Tom Hardwick on yesterday purchased of J. J. Sutherland, a 5-year-old buffalo cow, a 3-year-old bull, and a half breed cow, for shipment to Sioux Falls where Pettigrew and Tate will shortly establish a park or, as they term it, an “experimental farm” whereat will be placed a quantity of wild animals particular to Dakota, including elk, deer, moose, antelope, sheep, etc., for domestication, propagation and cross-breeding. Over twenty head of buffalo are now on the farm which is located two miles south of Sioux Falls at the end of the street car track.

Mr. Hardwick, as is well known, is one of the oldest and most successful buffalo hunters in the west — or was in the good old days when buffalo swarmed the entire country west of the Missouri, appearing often in herds of thirty and fifty thousand.

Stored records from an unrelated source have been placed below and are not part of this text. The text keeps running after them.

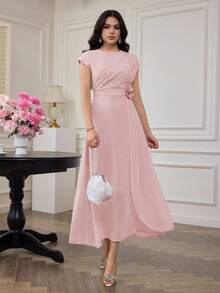 Modelyn 薄荷绿褶皱3D花卉装饰优雅高端女士正式礼服 - 粉色 - 查看 4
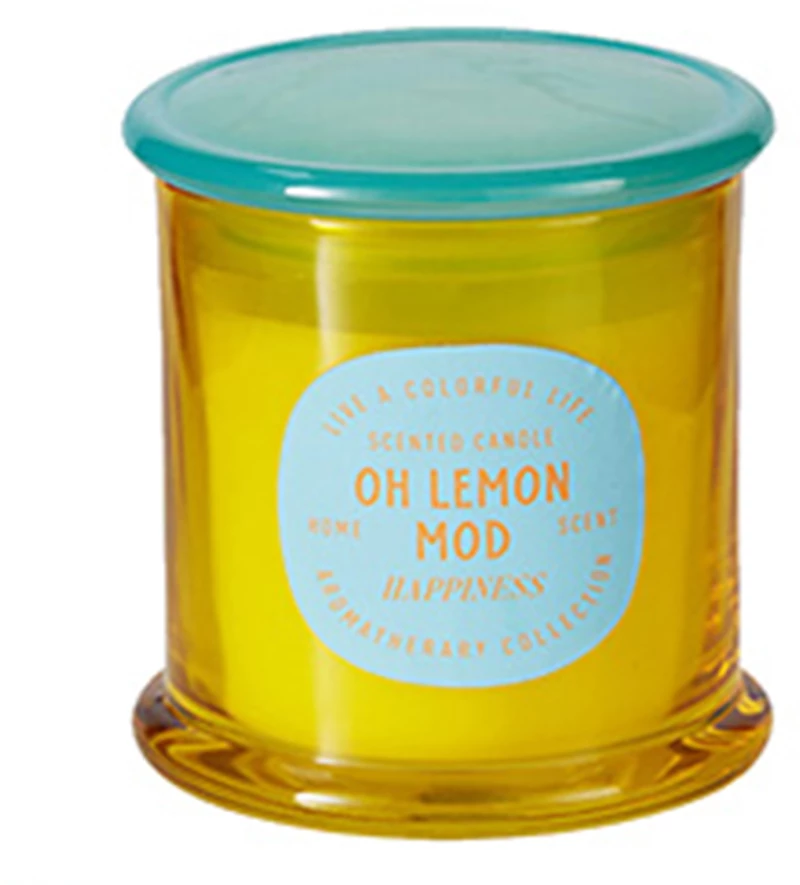 Κερί σε γυάλινο δοχείο με άρωμα  Oh Lemon Happiness  9,1x9,1x10,9cm 27454 CA499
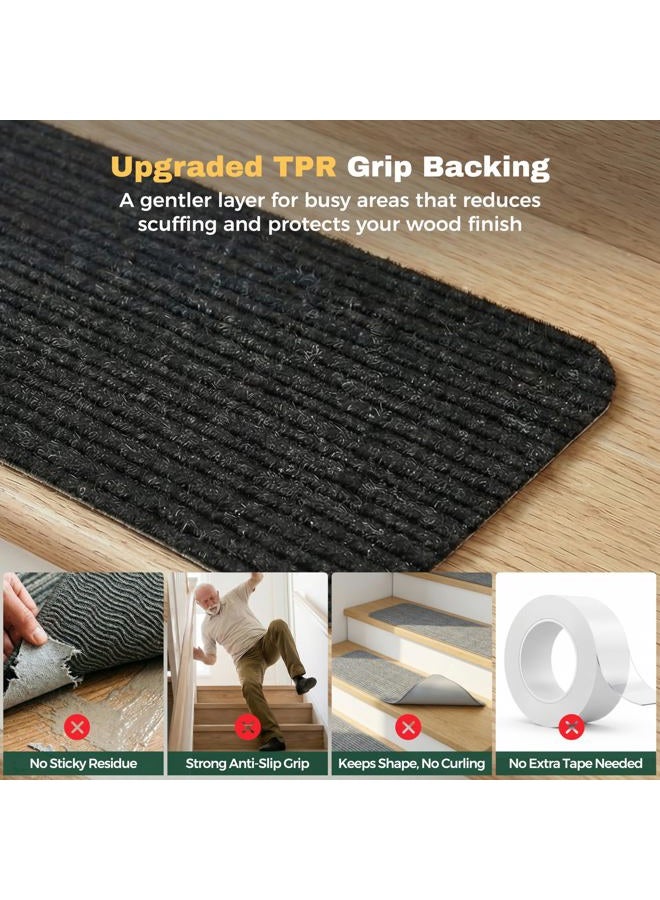 MBIGM 8" X 30" (15 in Pack) Non-Slip Carpet Stair Treads Non-Skid Safety Rug Slip Resistant Indoor Runner for Kids Elders and Pets with Reusable Adhesive, Black - Image 5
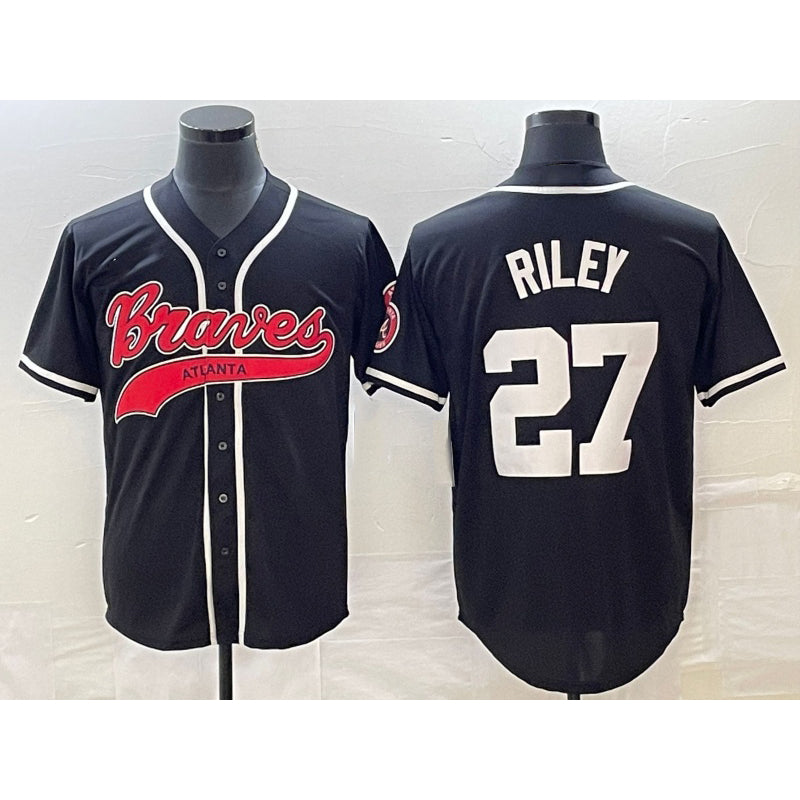 Atlanta Braves #27 Austin Riley Black MWATKINS Cool Base Stitched Jersey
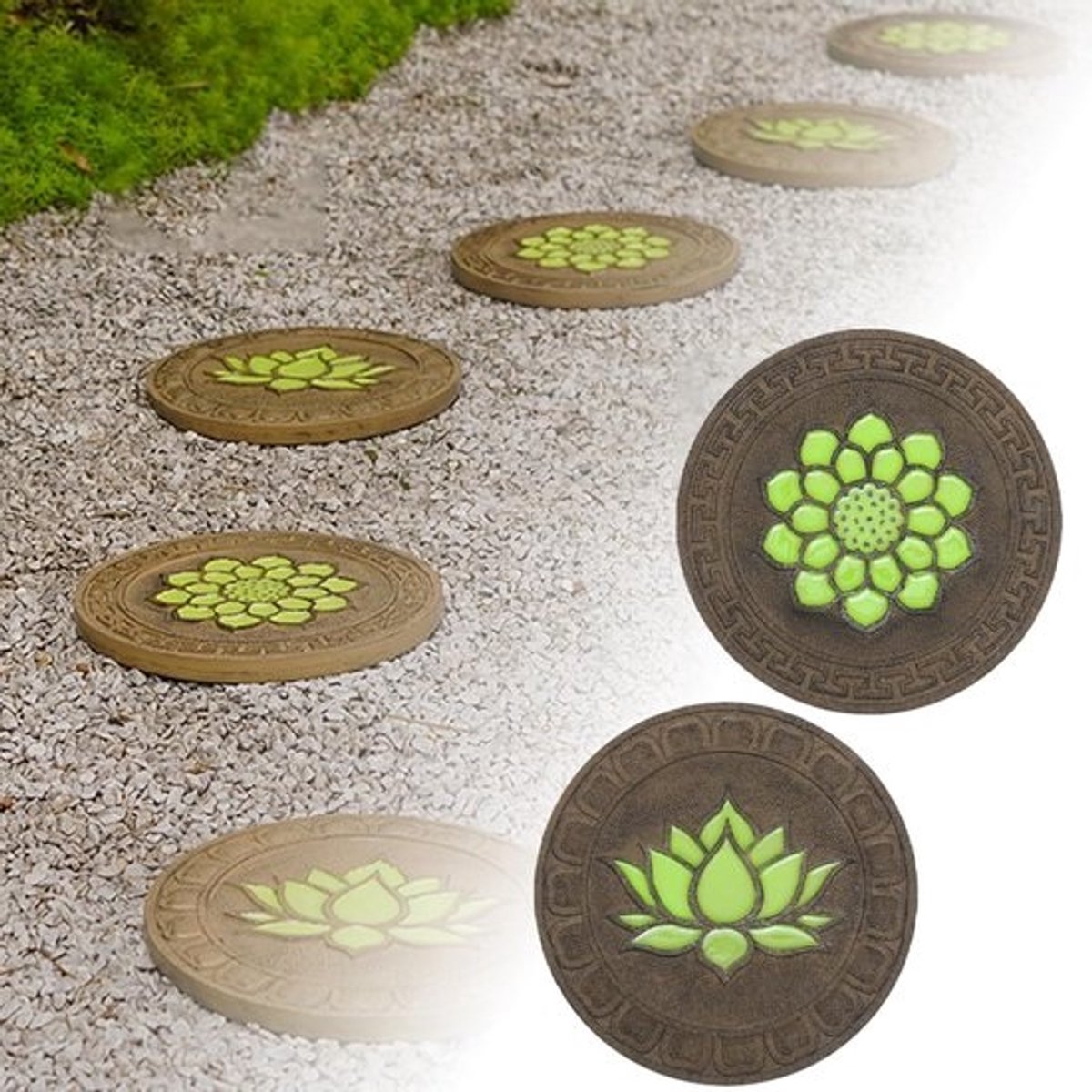 Tuinpad Tegels - Decoratieve Stapstenen - Tuin Decoratie - Lotus Patroon - 32.5 cm Diameter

Those days have, however, passed, and Tom with many other finds that particular occupation gone. The last hard of magnitude, noted south of the Yellowstone, appeared on the Cannon Ball in 83’-4. It numbered upward of 70,000 but was fearful decimated by the Piegans and Sioux, and the remnant stampeded over the line. So far as known only a few small herds range south of the Missouri today. A small band is in the Big Horn country; a few bison between Helena and Deer Lodge; a dozen or two in the Pan Handle, Texas; a herd of thirty between the Yellowstone and Missouri, and not to exceed fifteen between Ellendale and Bismarck, near Red Lake.
The number north of the line cannot be estimated, but it is not great, relatively speaking, and is steadily diminishing.

A lengthy interview with Mr. Hardwick, unavoidably crowded out of today’s Times, will appear on Tuesday.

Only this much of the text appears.